Fantômas prenant une décision rapide, se perdit alors dans une ruelle étroite et sombre qui faisait l’angle de la maison de José Farina. Cette ruelle conduisait au port. Fantômas la suivit en courant, il n’avait pas le droit de s’attarder, derrière lui, en effet, il entendit le bruit des pas précipités de Juve et l’insaisissable bandit devait redouter d’être capturé enfin.

Fantômas s’élança sur la jetée qui menait à l’entrée du port et, dès lors, à la lueur vacillante des lampadaires électriques, Juve, qui s’en rapprochait de plus en plus, pouvait le voir courant devant lui.
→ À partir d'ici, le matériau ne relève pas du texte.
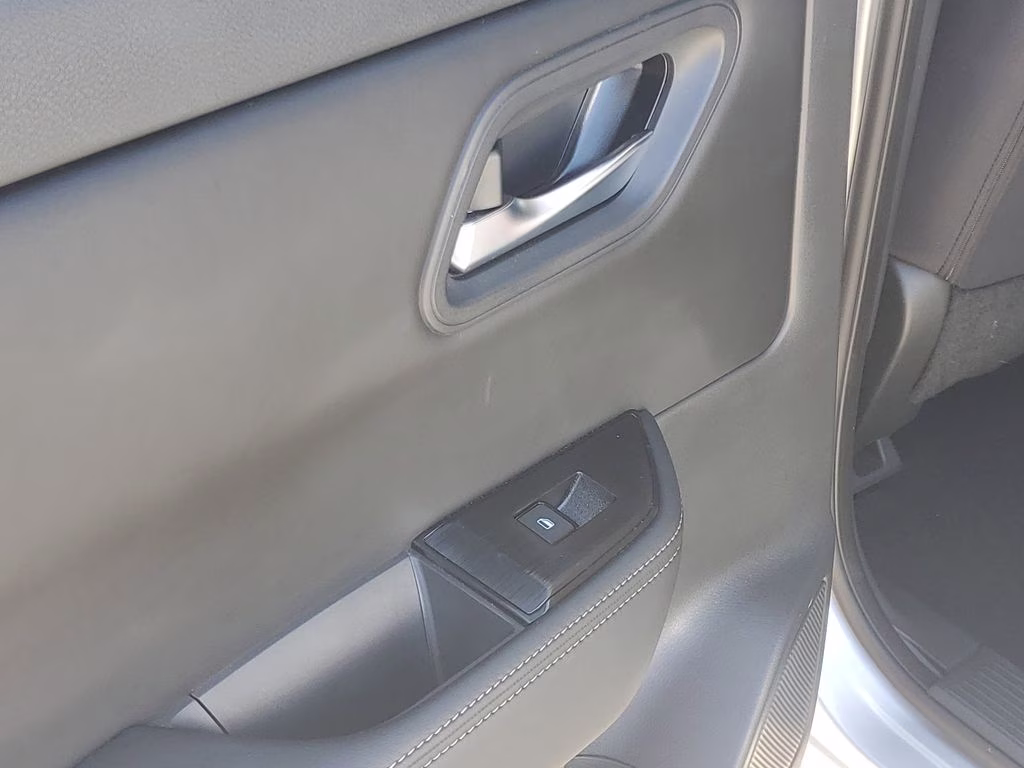 2024 Brilliant Silver Metallic Nissan Rogue SV FWD SUV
C’était un spectacle impressionnant que celui de ces deux hommes dont l’un poursuivait l’autre et qui couraient sur cette jetée étroite, rendue glissante par les vagues qui y déferlaient.

La mer était très dure, on entendait au lointain le grondement de l’océan en furie, la plainte brutale du vent auxquels se mêlaient le long cri plaintif des sirènes actionnées par les navires qu’inquiétaient la tempête, au loin.

Lorsque se produisait une accalmie, le vent apportait par bribes les échos lointains de l’orchestre de tziganes du Casino aux salons brillamment illuminés.

Juve songeait, cependant que, frileusement, il refermait son pardessus qu’arrachait la tempête :

— Que va faire Fantômas ? Il n’est point d’issue à l’extrémité de cette jetée et, comme je doute qu’il se jette à la mer, j’imagine qu’il va se retourner, que nous allons nous livrer, seul à seul devant l’immensité, une lutte d’homme à homme.

Juve, surexcité par la poursuite à laquelle il se livrait et se sentant tout près d’atteindre le but, éprouvait au fond de lui-même une satisfaction intense à l’idée que le dénouement qui approchait désormais était inévitable.

— À nous deux, Fantômas ! cria-t-il.

Mais, à ce moment, Juve poussa un juron. Le bandit venait de disparaître. Il avait sauté de la jetée, semblait s’être perdu dans la mer. Juve se précipita jusqu’à l’extrême pointe de la digue avancée au milieu des flots.

— Il ne sera pas dit que Fantômas m’échappera, s’écria-t-il.

Et Juve sauta à son tour par-dessus le parapet, s’élança à la poursuite de Fantômas, car Juve, en un éclair, avait compris ce qui se passait. Et, avec une témérité sans pareille, il avait décidé de poursuivre coûte que coûte le Maître de l’Effroi dans ses périlleuses entreprises.

Un bateau à vapeur, de petites dimensions, que Juve n’avait pas remarqué jusqu’alors, avait évolué dans le port au moment où la poursuite prenait place. Il dansait sur les vagues, ballotté comme une coque de noix, cependant que sa cheminée vomissait des torrents de fumée qui venaient, en nuages d’encre, se perdre dans l’obscurité de la nuit. Or, au moment précis où Fantômas atteignait l’extrémité de la jetée, ce vapeur doublait la digue, la rasant de près. Et Fantômas avait bondi, en un saut prodigieux.